» EXERCISE BRIEF
Every line in the records below between the one holding "Manteau d'hiver Asos" and the one holding "Turtleneck klänning - 90", inclusive, is to be set down exactly; all other lines are to be left out.

Data items:
=== Section Start ===

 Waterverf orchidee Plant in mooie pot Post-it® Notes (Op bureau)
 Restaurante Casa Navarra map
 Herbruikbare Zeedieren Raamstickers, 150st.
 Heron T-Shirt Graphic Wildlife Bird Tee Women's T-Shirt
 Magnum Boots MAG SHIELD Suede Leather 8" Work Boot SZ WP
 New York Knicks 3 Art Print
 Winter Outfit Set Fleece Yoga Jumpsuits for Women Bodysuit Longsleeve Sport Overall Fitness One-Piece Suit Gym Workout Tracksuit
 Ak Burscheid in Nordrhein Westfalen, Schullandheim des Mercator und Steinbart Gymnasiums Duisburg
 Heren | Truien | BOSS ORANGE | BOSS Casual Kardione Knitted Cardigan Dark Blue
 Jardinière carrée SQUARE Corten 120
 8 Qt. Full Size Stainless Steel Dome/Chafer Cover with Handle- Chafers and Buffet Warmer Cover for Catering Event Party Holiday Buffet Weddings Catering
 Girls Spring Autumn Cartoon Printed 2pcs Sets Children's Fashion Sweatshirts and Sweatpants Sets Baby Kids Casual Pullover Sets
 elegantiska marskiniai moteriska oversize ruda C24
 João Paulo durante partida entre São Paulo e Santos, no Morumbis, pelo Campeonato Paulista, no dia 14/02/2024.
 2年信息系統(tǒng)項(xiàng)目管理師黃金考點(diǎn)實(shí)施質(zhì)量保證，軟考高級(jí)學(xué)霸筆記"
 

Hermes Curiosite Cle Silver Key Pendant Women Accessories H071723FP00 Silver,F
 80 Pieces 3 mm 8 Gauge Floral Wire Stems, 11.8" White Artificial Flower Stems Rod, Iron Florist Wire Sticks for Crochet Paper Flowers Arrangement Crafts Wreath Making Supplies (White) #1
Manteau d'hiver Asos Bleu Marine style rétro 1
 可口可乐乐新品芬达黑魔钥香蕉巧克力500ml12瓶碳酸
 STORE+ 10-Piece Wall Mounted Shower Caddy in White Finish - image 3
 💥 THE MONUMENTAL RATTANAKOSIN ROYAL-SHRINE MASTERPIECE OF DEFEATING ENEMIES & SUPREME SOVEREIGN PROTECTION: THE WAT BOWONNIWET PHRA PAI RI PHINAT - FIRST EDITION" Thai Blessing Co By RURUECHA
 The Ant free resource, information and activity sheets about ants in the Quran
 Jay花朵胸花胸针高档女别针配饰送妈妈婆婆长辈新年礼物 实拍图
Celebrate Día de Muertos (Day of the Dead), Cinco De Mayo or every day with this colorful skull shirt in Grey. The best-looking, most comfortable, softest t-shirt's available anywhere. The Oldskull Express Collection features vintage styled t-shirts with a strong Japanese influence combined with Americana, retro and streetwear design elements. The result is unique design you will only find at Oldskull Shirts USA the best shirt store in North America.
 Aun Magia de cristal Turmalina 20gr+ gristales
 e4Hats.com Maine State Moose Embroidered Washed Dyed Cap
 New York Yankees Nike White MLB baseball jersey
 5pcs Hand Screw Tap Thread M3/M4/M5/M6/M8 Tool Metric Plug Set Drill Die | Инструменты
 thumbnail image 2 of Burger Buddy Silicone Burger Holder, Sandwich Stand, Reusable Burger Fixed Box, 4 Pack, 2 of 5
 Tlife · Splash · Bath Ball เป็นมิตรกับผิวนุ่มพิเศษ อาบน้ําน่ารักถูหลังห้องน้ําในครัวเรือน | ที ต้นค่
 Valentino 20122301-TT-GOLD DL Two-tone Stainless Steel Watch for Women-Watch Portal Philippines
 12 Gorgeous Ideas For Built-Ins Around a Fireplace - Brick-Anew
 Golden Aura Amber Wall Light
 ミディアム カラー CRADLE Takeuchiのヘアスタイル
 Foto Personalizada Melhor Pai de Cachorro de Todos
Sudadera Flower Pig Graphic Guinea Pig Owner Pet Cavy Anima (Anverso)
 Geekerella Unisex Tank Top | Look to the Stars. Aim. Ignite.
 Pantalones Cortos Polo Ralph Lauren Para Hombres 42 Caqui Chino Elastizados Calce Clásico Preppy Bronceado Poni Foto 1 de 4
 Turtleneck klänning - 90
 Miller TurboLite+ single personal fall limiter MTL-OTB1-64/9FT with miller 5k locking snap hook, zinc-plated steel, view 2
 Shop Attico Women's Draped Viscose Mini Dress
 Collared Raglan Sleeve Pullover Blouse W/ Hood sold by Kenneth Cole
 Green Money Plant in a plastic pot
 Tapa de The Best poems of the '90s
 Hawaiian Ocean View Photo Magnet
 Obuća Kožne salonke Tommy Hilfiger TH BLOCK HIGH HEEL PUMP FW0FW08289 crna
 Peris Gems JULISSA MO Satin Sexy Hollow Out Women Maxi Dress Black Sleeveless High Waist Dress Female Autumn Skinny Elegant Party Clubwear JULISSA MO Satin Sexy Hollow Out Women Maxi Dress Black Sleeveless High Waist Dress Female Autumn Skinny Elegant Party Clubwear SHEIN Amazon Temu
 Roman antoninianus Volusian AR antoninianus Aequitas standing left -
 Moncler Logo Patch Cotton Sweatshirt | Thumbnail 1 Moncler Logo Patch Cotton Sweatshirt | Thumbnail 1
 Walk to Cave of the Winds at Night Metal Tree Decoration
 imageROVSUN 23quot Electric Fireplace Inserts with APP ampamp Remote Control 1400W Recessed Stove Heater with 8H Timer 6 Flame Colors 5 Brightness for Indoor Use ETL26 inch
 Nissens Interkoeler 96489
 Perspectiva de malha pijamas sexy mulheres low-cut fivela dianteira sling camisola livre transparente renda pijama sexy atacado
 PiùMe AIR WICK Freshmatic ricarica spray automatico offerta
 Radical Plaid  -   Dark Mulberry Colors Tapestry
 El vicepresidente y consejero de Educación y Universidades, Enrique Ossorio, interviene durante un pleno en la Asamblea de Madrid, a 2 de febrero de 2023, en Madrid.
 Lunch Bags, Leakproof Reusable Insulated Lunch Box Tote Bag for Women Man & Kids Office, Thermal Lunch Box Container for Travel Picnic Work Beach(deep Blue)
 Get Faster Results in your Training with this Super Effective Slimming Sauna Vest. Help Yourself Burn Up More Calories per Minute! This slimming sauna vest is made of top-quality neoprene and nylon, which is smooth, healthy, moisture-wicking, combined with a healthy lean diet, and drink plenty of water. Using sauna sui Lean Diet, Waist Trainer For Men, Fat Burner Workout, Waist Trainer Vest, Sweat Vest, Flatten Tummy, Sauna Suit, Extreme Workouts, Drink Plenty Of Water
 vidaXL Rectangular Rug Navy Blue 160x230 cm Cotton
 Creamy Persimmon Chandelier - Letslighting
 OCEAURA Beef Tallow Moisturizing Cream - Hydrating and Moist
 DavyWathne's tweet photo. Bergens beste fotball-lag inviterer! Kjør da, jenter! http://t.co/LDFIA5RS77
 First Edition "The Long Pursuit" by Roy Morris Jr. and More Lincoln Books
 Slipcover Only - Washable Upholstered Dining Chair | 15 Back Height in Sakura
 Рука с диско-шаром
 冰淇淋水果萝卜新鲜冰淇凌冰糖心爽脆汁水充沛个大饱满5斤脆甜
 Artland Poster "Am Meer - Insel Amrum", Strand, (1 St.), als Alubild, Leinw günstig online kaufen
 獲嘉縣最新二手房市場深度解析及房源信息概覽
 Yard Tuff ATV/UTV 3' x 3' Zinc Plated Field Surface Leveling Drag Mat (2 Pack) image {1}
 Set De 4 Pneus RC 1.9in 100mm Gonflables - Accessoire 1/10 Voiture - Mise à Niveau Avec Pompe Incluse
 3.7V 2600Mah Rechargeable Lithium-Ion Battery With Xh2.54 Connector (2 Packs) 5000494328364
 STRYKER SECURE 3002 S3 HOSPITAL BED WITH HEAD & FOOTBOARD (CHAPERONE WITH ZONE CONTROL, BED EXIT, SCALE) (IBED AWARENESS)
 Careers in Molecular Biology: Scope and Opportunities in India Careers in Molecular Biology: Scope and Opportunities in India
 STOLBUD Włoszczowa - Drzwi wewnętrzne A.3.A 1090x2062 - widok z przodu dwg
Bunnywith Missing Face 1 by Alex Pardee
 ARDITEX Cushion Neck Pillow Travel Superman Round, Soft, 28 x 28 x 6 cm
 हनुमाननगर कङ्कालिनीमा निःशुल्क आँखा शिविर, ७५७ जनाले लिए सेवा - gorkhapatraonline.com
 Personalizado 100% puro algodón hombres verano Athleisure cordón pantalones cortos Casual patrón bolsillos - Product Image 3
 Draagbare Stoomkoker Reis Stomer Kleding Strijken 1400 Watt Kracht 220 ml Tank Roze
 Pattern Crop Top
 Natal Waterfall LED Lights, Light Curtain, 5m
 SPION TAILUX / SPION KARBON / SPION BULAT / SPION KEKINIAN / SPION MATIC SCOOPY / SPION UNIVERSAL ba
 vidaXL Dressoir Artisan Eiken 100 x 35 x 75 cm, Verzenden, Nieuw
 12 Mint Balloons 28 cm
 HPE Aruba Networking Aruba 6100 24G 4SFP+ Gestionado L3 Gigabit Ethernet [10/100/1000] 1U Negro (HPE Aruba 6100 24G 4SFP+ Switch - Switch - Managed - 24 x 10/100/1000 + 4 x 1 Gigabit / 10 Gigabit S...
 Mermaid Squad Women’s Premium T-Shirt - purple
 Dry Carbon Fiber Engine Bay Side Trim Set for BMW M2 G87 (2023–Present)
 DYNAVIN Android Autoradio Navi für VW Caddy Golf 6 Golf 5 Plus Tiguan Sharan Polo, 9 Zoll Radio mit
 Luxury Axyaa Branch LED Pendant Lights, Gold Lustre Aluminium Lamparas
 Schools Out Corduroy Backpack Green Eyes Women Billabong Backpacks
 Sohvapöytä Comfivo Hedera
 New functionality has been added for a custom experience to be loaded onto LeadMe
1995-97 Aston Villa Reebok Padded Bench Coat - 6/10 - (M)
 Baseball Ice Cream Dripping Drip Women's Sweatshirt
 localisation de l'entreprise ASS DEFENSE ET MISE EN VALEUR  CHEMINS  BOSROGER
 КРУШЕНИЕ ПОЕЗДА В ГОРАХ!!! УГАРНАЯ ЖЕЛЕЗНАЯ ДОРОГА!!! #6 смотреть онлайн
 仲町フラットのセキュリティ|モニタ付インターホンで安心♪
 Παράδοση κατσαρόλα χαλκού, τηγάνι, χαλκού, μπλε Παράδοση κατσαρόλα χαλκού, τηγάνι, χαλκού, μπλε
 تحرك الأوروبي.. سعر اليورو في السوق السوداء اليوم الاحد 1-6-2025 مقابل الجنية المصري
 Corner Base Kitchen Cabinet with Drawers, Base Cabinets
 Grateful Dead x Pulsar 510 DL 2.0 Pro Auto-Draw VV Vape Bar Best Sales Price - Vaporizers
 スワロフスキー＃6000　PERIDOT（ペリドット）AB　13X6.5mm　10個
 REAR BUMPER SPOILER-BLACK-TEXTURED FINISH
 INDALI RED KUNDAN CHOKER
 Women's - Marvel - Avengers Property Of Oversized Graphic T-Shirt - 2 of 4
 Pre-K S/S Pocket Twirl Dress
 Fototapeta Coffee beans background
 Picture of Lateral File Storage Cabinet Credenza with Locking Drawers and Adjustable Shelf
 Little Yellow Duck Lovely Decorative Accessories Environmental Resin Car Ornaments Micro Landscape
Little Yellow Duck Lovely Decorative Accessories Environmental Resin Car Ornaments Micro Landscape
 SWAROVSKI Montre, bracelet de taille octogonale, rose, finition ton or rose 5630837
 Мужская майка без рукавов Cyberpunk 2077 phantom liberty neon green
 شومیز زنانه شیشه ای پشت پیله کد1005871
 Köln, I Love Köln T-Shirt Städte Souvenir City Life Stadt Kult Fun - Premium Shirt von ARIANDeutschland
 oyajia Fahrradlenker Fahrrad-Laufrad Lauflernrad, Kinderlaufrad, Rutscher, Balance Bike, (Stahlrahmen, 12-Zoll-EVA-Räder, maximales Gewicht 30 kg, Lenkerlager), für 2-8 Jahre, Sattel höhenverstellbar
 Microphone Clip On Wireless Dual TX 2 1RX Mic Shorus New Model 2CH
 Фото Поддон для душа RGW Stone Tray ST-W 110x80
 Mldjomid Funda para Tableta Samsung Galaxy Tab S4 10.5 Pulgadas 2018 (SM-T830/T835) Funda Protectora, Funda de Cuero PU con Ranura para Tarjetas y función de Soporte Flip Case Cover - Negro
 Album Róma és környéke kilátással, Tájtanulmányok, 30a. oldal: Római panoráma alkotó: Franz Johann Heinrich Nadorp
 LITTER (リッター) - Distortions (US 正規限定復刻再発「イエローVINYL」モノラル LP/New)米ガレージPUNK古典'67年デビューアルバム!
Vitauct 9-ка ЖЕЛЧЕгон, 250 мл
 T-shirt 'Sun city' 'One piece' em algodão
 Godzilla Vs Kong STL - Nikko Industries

=== Section End ===

» FINAL ANSWER
Manteau d'hiver Asos Bleu Marine style rétro 1
 可口可乐乐新品芬达黑魔钥香蕉巧克力500ml12瓶碳酸
 STORE+ 10-Piece Wall Mounted Shower Caddy in White Finish - image 3
 💥 THE MONUMENTAL RATTANAKOSIN ROYAL-SHRINE MASTERPIECE OF DEFEATING ENEMIES & SUPREME SOVEREIGN PROTECTION: THE WAT BOWONNIWET PHRA PAI RI PHINAT - FIRST EDITION" Thai Blessing Co By RURUECHA
 The Ant free resource, information and activity sheets about ants in the Quran
 Jay花朵胸花胸针高档女别针配饰送妈妈婆婆长辈新年礼物 实拍图
Celebrate Día de Muertos (Day of the Dead), Cinco De Mayo or every day with this colorful skull shirt in Grey. The best-looking, most comfortable, softest t-shirt's available anywhere. The Oldskull Express Collection features vintage styled t-shirts with a strong Japanese influence combined with Americana, retro and streetwear design elements. The result is unique design you will only find at Oldskull Shirts USA the best shirt store in North America.
 Aun Magia de cristal Turmalina 20gr+ gristales
 e4Hats.com Maine State Moose Embroidered Washed Dyed Cap
 New York Yankees Nike White MLB baseball jersey
 5pcs Hand Screw Tap Thread M3/M4/M5/M6/M8 Tool Metric Plug Set Drill Die | Инструменты
 thumbnail image 2 of Burger Buddy Silicone Burger Holder, Sandwich Stand, Reusable Burger Fixed Box, 4 Pack, 2 of 5
 Tlife · Splash · Bath Ball เป็นมิตรกับผิวนุ่มพิเศษ อาบน้ําน่ารักถูหลังห้องน้ําในครัวเรือน | ที ต้นค่
 Valentino 20122301-TT-GOLD DL Two-tone Stainless Steel Watch for Women-Watch Portal Philippines
 12 Gorgeous Ideas For Built-Ins Around a Fireplace - Brick-Anew
 Golden Aura Amber Wall Light
 ミディアム カラー CRADLE Takeuchiのヘアスタイル
 Foto Personalizada Melhor Pai de Cachorro de Todos
Sudadera Flower Pig Graphic Guinea Pig Owner Pet Cavy Anima (Anverso)
 Geekerella Unisex Tank Top | Look to the Stars. Aim. Ignite.
 Pantalones Cortos Polo Ralph Lauren Para Hombres 42 Caqui Chino Elastizados Calce Clásico Preppy Bronceado Poni Foto 1 de 4
 Turtleneck klänning - 90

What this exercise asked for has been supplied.